(Collected data)
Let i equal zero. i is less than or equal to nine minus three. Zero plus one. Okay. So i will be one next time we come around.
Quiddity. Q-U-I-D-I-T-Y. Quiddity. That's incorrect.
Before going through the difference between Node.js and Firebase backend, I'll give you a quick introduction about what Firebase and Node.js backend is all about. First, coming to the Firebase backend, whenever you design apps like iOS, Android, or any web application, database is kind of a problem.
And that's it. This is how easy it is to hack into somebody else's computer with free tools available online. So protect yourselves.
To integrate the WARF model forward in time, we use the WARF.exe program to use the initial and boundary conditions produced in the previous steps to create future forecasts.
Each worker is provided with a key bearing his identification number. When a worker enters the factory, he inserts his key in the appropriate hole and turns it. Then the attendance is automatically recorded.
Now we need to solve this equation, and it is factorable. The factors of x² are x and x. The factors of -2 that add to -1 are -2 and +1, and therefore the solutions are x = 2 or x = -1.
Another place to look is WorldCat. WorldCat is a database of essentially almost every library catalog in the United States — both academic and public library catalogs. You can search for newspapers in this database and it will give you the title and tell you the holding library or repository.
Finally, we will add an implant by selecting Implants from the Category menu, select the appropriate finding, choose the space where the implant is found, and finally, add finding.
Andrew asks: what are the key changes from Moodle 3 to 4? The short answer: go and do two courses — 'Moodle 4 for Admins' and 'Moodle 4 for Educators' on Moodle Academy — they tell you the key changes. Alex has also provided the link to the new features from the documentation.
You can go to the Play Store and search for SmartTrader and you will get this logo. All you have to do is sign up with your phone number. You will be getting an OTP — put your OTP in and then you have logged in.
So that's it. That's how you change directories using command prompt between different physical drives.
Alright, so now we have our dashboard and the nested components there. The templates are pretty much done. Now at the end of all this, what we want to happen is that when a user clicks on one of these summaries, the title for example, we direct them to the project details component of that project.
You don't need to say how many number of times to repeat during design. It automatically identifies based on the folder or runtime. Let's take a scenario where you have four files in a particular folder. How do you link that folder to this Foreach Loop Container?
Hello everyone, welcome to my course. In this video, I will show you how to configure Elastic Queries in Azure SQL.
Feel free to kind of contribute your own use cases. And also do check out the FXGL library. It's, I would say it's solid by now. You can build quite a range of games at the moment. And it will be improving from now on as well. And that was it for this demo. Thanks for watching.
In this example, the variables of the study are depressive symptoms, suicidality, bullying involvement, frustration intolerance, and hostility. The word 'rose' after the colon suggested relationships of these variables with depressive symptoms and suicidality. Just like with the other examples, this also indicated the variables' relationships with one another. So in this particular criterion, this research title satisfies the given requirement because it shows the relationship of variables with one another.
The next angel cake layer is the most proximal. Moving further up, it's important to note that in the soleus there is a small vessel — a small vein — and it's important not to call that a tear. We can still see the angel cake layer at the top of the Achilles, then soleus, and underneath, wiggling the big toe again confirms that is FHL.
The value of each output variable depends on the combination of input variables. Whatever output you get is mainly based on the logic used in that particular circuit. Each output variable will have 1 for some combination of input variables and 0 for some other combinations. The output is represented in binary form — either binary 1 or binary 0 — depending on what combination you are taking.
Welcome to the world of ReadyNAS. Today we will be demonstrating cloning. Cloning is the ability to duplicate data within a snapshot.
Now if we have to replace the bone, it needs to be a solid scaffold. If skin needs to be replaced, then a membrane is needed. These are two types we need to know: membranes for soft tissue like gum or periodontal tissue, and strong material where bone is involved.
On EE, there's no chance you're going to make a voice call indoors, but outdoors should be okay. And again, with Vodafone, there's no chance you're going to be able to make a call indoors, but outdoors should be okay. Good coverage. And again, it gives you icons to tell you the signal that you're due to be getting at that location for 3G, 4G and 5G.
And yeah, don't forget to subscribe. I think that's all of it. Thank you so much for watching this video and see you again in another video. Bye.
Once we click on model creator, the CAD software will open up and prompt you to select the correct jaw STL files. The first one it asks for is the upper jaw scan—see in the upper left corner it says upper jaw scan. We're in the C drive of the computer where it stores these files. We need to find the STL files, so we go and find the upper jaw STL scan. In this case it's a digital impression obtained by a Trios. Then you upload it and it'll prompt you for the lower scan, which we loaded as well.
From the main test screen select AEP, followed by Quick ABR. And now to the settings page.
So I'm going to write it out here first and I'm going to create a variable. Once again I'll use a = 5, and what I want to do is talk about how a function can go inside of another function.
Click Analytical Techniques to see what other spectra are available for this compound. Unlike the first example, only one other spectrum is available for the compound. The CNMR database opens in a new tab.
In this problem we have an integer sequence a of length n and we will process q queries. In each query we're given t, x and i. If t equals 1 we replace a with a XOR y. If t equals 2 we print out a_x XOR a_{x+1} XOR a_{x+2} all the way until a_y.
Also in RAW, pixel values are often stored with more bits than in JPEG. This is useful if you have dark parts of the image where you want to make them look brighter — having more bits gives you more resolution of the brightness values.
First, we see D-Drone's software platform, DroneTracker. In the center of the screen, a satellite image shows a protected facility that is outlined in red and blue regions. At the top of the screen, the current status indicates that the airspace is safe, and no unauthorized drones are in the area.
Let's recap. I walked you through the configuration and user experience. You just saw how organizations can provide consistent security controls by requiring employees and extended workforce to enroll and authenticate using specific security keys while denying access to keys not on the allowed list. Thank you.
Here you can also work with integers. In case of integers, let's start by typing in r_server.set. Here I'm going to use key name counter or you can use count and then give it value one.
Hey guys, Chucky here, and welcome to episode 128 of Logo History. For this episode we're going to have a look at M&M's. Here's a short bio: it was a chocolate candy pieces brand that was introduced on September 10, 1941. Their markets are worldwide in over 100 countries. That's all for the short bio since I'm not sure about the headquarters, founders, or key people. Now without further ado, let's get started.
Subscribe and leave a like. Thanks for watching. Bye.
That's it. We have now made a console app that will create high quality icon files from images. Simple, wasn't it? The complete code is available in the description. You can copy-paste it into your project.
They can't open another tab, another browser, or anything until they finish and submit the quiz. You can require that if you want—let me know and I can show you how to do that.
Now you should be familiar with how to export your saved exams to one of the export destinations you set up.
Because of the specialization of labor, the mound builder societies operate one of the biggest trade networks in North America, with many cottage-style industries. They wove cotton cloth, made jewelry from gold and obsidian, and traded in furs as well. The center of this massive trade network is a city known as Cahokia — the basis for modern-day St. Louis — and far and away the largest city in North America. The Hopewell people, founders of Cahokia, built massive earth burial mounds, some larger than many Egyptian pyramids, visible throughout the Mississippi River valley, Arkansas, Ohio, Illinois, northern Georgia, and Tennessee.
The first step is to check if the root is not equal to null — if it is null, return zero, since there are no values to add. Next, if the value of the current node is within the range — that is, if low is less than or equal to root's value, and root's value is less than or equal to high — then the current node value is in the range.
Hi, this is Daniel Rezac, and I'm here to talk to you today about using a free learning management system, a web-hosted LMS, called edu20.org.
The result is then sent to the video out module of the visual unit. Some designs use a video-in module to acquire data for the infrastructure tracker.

### Task to carry out
The whole of the data is to be copied out word for word.

### Problem solution
Let i equal zero. i is less than or equal to nine minus three. Zero plus one. Okay. So i will be one next time we come around.
Quiddity. Q-U-I-D-I-T-Y. Quiddity. That's incorrect.
Before going through the difference between Node.js and Firebase backend, I'll give you a quick introduction about what Firebase and Node.js backend is all about. First, coming to the Firebase backend, whenever you design apps like iOS, Android, or any web application, database is kind of a problem.
And that's it. This is how easy it is to hack into somebody else's computer with free tools available online. So protect yourselves.
To integrate the WARF model forward in time, we use the WARF.exe program to use the initial and boundary conditions produced in the previous steps to create future forecasts.
Each worker is provided with a key bearing his identification number. When a worker enters the factory, he inserts his key in the appropriate hole and turns it. Then the attendance is automatically recorded.
Now we need to solve this equation, and it is factorable. The factors of x² are x and x. The factors of -2 that add to -1 are -2 and +1, and therefore the solutions are x = 2 or x = -1.
Another place to look is WorldCat. WorldCat is a database of essentially almost every library catalog in the United States — both academic and public library catalogs. You can search for newspapers in this database and it will give you the title and tell you the holding library or repository.
Finally, we will add an implant by selecting Implants from the Category menu, select the appropriate finding, choose the space where the implant is found, and finally, add finding.
Andrew asks: what are the key changes from Moodle 3 to 4? The short answer: go and do two courses — 'Moodle 4 for Admins' and 'Moodle 4 for Educators' on Moodle Academy — they tell you the key changes. Alex has also provided the link to the new features from the documentation.
You can go to the Play Store and search for SmartTrader and you will get this logo. All you have to do is sign up with your phone number. You will be getting an OTP — put your OTP in and then you have logged in.
So that's it. That's how you change directories using command prompt between different physical drives.
Alright, so now we have our dashboard and the nested components there. The templates are pretty much done. Now at the end of all this, what we want to happen is that when a user clicks on one of these summaries, the title for example, we direct them to the project details component of that project.
You don't need to say how many number of times to repeat during design. It automatically identifies based on the folder or runtime. Let's take a scenario where you have four files in a particular folder. How do you link that folder to this Foreach Loop Container?
Hello everyone, welcome to my course. In this video, I will show you how to configure Elastic Queries in Azure SQL.
Feel free to kind of contribute your own use cases. And also do check out the FXGL library. It's, I would say it's solid by now. You can build quite a range of games at the moment. And it will be improving from now on as well. And that was it for this demo. Thanks for watching.
In this example, the variables of the study are depressive symptoms, suicidality, bullying involvement, frustration intolerance, and hostility. The word 'rose' after the colon suggested relationships of these variables with depressive symptoms and suicidality. Just like with the other examples, this also indicated the variables' relationships with one another. So in this particular criterion, this research title satisfies the given requirement because it shows the relationship of variables with one another.
The next angel cake layer is the most proximal. Moving further up, it's important to note that in the soleus there is a small vessel — a small vein — and it's important not to call that a tear. We can still see the angel cake layer at the top of the Achilles, then soleus, and underneath, wiggling the big toe again confirms that is FHL.
The value of each output variable depends on the combination of input variables. Whatever output you get is mainly based on the logic used in that particular circuit. Each output variable will have 1 for some combination of input variables and 0 for some other combinations. The output is represented in binary form — either binary 1 or binary 0 — depending on what combination you are taking.
Welcome to the world of ReadyNAS. Today we will be demonstrating cloning. Cloning is the ability to duplicate data within a snapshot.
Now if we have to replace the bone, it needs to be a solid scaffold. If skin needs to be replaced, then a membrane is needed. These are two types we need to know: membranes for soft tissue like gum or periodontal tissue, and strong material where bone is involved.
On EE, there's no chance you're going to make a voice call indoors, but outdoors should be okay. And again, with Vodafone, there's no chance you're going to be able to make a call indoors, but outdoors should be okay. Good coverage. And again, it gives you icons to tell you the signal that you're due to be getting at that location for 3G, 4G and 5G.
And yeah, don't forget to subscribe. I think that's all of it. Thank you so much for watching this video and see you again in another video. Bye.
Once we click on model creator, the CAD software will open up and prompt you to select the correct jaw STL files. The first one it asks for is the upper jaw scan—see in the upper left corner it says upper jaw scan. We're in the C drive of the computer where it stores these files. We need to find the STL files, so we go and find the upper jaw STL scan. In this case it's a digital impression obtained by a Trios. Then you upload it and it'll prompt you for the lower scan, which we loaded as well.
From the main test screen select AEP, followed by Quick ABR. And now to the settings page.
So I'm going to write it out here first and I'm going to create a variable. Once again I'll use a = 5, and what I want to do is talk about how a function can go inside of another function.
Click Analytical Techniques to see what other spectra are available for this compound. Unlike the first example, only one other spectrum is available for the compound. The CNMR database opens in a new tab.
In this problem we have an integer sequence a of length n and we will process q queries. In each query we're given t, x and i. If t equals 1 we replace a with a XOR y. If t equals 2 we print out a_x XOR a_{x+1} XOR a_{x+2} all the way until a_y.
Also in RAW, pixel values are often stored with more bits than in JPEG. This is useful if you have dark parts of the image where you want to make them look brighter — having more bits gives you more resolution of the brightness values.
First, we see D-Drone's software platform, DroneTracker. In the center of the screen, a satellite image shows a protected facility that is outlined in red and blue regions. At the top of the screen, the current status indicates that the airspace is safe, and no unauthorized drones are in the area.
Let's recap. I walked you through the configuration and user experience. You just saw how organizations can provide consistent security controls by requiring employees and extended workforce to enroll and authenticate using specific security keys while denying access to keys not on the allowed list. Thank you.
Here you can also work with integers. In case of integers, let's start by typing in r_server.set. Here I'm going to use key name counter or you can use count and then give it value one.
Hey guys, Chucky here, and welcome to episode 128 of Logo History. For this episode we're going to have a look at M&M's. Here's a short bio: it was a chocolate candy pieces brand that was introduced on September 10, 1941. Their markets are worldwide in over 100 countries. That's all for the short bio since I'm not sure about the headquarters, founders, or key people. Now without further ado, let's get started.
Subscribe and leave a like. Thanks for watching. Bye.
That's it. We have now made a console app that will create high quality icon files from images. Simple, wasn't it? The complete code is available in the description. You can copy-paste it into your project.
They can't open another tab, another browser, or anything until they finish and submit the quiz. You can require that if you want—let me know and I can show you how to do that.
Now you should be familiar with how to export your saved exams to one of the export destinations you set up.
Because of the specialization of labor, the mound builder societies operate one of the biggest trade networks in North America, with many cottage-style industries. They wove cotton cloth, made jewelry from gold and obsidian, and traded in furs as well. The center of this massive trade network is a city known as Cahokia — the basis for modern-day St. Louis — and far and away the largest city in North America. The Hopewell people, founders of Cahokia, built massive earth burial mounds, some larger than many Egyptian pyramids, visible throughout the Mississippi River valley, Arkansas, Ohio, Illinois, northern Georgia, and Tennessee.
The first step is to check if the root is not equal to null — if it is null, return zero, since there are no values to add. Next, if the value of the current node is within the range — that is, if low is less than or equal to root's value, and root's value is less than or equal to high — then the current node value is in the range.
Hi, this is Daniel Rezac, and I'm here to talk to you today about using a free learning management system, a web-hosted LMS, called edu20.org.
The result is then sent to the video out module of the visual unit. Some designs use a video-in module to acquire data for the infrastructure tracker.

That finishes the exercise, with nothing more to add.